8 Ottobre, 2013 Fulvio Floccari Ambiente, Ambiente e cultura, Approfondimenti, Politica e attualità 0 comments

#Terzastrada vi ha anticipato la notizia dell’avvio del traffico di combustibile da rifiuti tra la Capitale e l’isola di Maiorca, una delle Baleari. Approfondiamo oggi la nostra conoscenza dell’impianto di Son Reus, l’inceneritore oggetto del traffico.

Ci sia consentito di parafrasare Antonio Gramsci nel dire infatti che la Storia è sempre un’ottima maestra, a patto che nei suoi confronti ci si comporti da buoni scolari.

L’impianto è di proprietà della TIRME SPA, il cui principale azionista è il gruppo italiano ENEL  con una quota pari al 40% (il restante pacchetto azionario risulta così distribuito ad altri colossi dell’energia “verde”: 20% Urbaser, 20% Iberdrola, 20% FCC ).

Le organizzazioni ambientaliste e gli operatori sanitari indicano l’inceneritore di Son Reus come uno dei punti critici del Mediterraneo per l’inquinamento. Le caldaie di Son Reus hanno infatti una capacità di  700.000 tonnellate di rifiuti/anno, a fronte di una produzione complessiva delle isole Baleari di circa 400.000 tonnellate/anno. L’impianto non riesce a lavorare a pieno regime e questo comporta delle perdite economiche per i proprietari.

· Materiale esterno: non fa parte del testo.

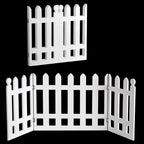 White Picket Fence Folding Pet Gate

La stima, operata dalla politica spagnola, di una crescita senza limiti del tasso di produzione dei rifiuti si è rivelata infatti totalmente sovradimensionata ed oggi il concessionario TIRME minaccia pertanto di aumentare i prezzi di incenerimento per recuperare l’investimento di realizzazione e gestione dell’impianto. Paradossalmente i cittadini di Maiorca si troverebbero pertanto oggi a pagare una tassa sui rifiuti particolarmente esosa, proprio perché si è autorizzato un inceneritore sovradimensionato alle esigenze.

La soluzione proposta dalla politica spagnola è stata quindi quella di importare immondizia dall’estero per compensare le restanti 300.000 tonnellate/anno mancanti. Questo fatto, oltre ad essere economicamente inefficiente, è aberrante per l’ambiente. Se da una parte è infatti paradossale che i cittadini vengano infatti puniti perchè riescono virtuosamente a ridurre la produzione di rifiuti anziché incrementarla, dall’altra si aggiungono ai costi ambientali di incenerimento dei rifiuti anche quelli di trasporto per migliaia e migliaia di chilometri (oltre all’ulteriore sperpero di preziose risorse fossili).

I responsabili politici non solo insistono a chiamare i rifiuti “combustibile”, ma si avventurano anche a trattare l’energia così prodotta come energia da fonti rinnovabili, con relativi certificati verdi ed incentivi governativi. Tuttavia,  solidi studi scientifici dimostrano come i furani e le diossine prodotte dall’incenerimento dei rifiuti abbiano pesanti ricadute sulla salute dei cittadini che risiedono nei dintorni degli inceneritori.

Son Reus è ad oggi il più grande inceneritore del Sud Europa, tanto che la stessa Greenpeace ha lanciato una campagna di informazione e sensibilizzazione dell’opinione pubblica contro l’impianto.

Non ultima “perla” di questo affare è poi, come per la combustione del carbone, il business delle ceneri.

La cenere ottenuta dal processo di incenerimento, un vero concentrato di inquinanti, diviene preda degli appetiti delle imprese di costruzione, in quanto ne è autorizzato l’utilizzo come materiale inerte per la realizzazione di asfalti, laterizi, cemento.

Un modo “elegante” di nascondere le polveri sotto il tappeto, generando un’altra minaccia invisibile ai cittadini (tra l’altro già autorizzato anche per la “nostra” centrale ENEL).